La Inteligencia Artificial marca el rumbo de las tendencias tecnológicas en 2026
En una reciente publicación en nuestro blog, analizábamos cómo la IA generativa ha entrado en el valle de la desilusión del Hype Cycle de Gartner, esa etapa en la que el entusiasmo inicial empieza a ceder espacio a una visión más realista. Después de la euforia por sus posibilidades, muchas empresas se encuentran ahora evaluando con mayor rigor el retorno de sus proyectos de IA y su impacto en los resultados del negocio.
Lejos de ser una mala noticia, este punto marca el paso de la expectativa al aprendizaje. Es el momento en que la tecnología comienza a madurar, a demostrar su valor más allá de la curiosidad y a integrarse en procesos que aportan eficiencia, inteligencia y crecimiento.
2026, por tanto, no estará definido por la aparición de una nueva tendencia tecnológica, sino por el punto de inflexión que marca la consolidación de la inteligencia artificial. Ya no hablamos de un avance puntual, sino de una evolución que redefine la estructura completa sobre la que operan las organizaciones.
Durante los próximos meses veremos cómo la IA deja de ser parte de un experimento para convertirse en el sistema que conecta datos, decisiones y estrategias empresariales. Un cambio profundo que no depende de más algoritmos, sino de cómo las empresas logran gobernar esta tecnología con propósito, midiendo su impacto y orientándola hacia objetivos concretos de negocio.
IA y aprendizaje automático. De prioridad tecnológica a ventaja competitiva
Superada la fase de expectativas, la inteligencia artificial entra en terreno de gestión. En 2026, las organizaciones que logren convertir el aprendizaje automático en un activo de negocio estarán un paso por delante. No se trata de usar IA, sino de integrarla en los flujos operativos y estratégicos para obtener una ventaja frente al resto del mercado.
Durante los últimos años, y especialmente desde la aparición de Chat Gpt, muchas organizaciones han centrado sus esfuerzos en “hacer algo con IA”. Sin embargo, el verdadero avance vendrá de quienes la conecten directamente con los objetivos del negocio. Como pueden ser optimizar operaciones, anticipar comportamientos del mercado, mejorar la experiencia del cliente o reducir tiempos de decisión.
La tendencia es clara, la IA pasará de los departamentos técnicos al core de la estrategia empresarial. Se convertirá en una plataforma transversal, capaz de unir datos, procesos y personas bajo un mismo marco de decisión. En este nuevo escenario, el valor ya no se mide solo por la capacidad del algoritmo, sino por su contribución real a la eficiencia y la rentabilidad.
Las compañías que adopten este enfoque darán un paso decisivo hacia una gestión más inteligente. Aquellas que no lo hagan, seguirán acumulando datos sin lograr convertirlos en decisiones útiles.

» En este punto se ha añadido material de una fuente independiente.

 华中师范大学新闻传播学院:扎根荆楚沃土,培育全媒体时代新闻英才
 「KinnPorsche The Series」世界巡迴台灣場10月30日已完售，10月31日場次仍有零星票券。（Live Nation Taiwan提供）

IA agentiva. El salto de la asistencia a la autonomía
La siguiente evolución de la inteligencia artificial será la IA agentiva, capaz de actuar con autonomía dentro de límites definidos. Si hasta ahora la IA asistía a las personas en tareas específicas, en 2026 empezará a asumir responsabilidades operativas, planificando, ejecutando y aprendiendo de sus propios resultados.

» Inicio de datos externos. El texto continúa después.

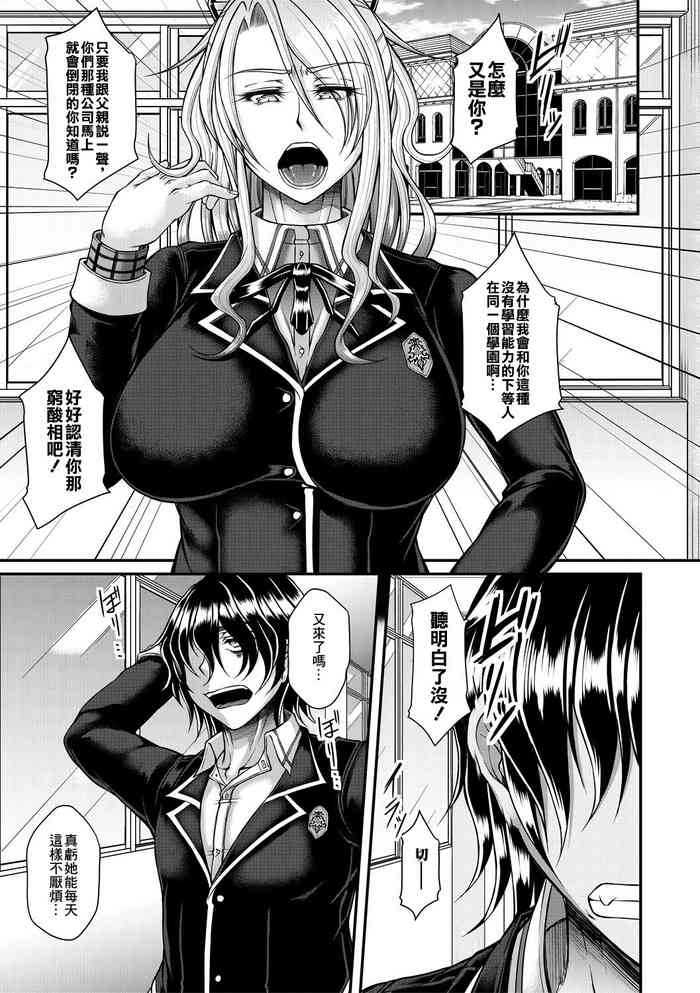 [Kakitsubata Kanae] Akuratsu Reijou Gyakuten Choukyou 1[中国翻訳] cover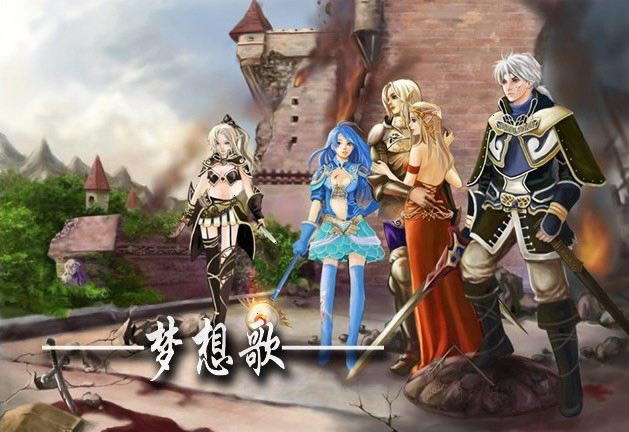 �������Ϸ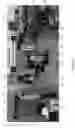 Fig. 02 - PROCESS OF CHANGING CROSS SECTIONAL SHAPE WITHIN A TEXTILE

Esto no significa delegar el control, sino ampliar la capacidad de acción de las organizaciones. Los agentes inteligentes serán capaces de coordinar procesos, gestionar flujos de trabajo y optimizar decisiones sin necesidad de intervención constante, con el objetivo de liberar tiempo y recursos para que los equipos se centren en tareas de mayor valor estratégico.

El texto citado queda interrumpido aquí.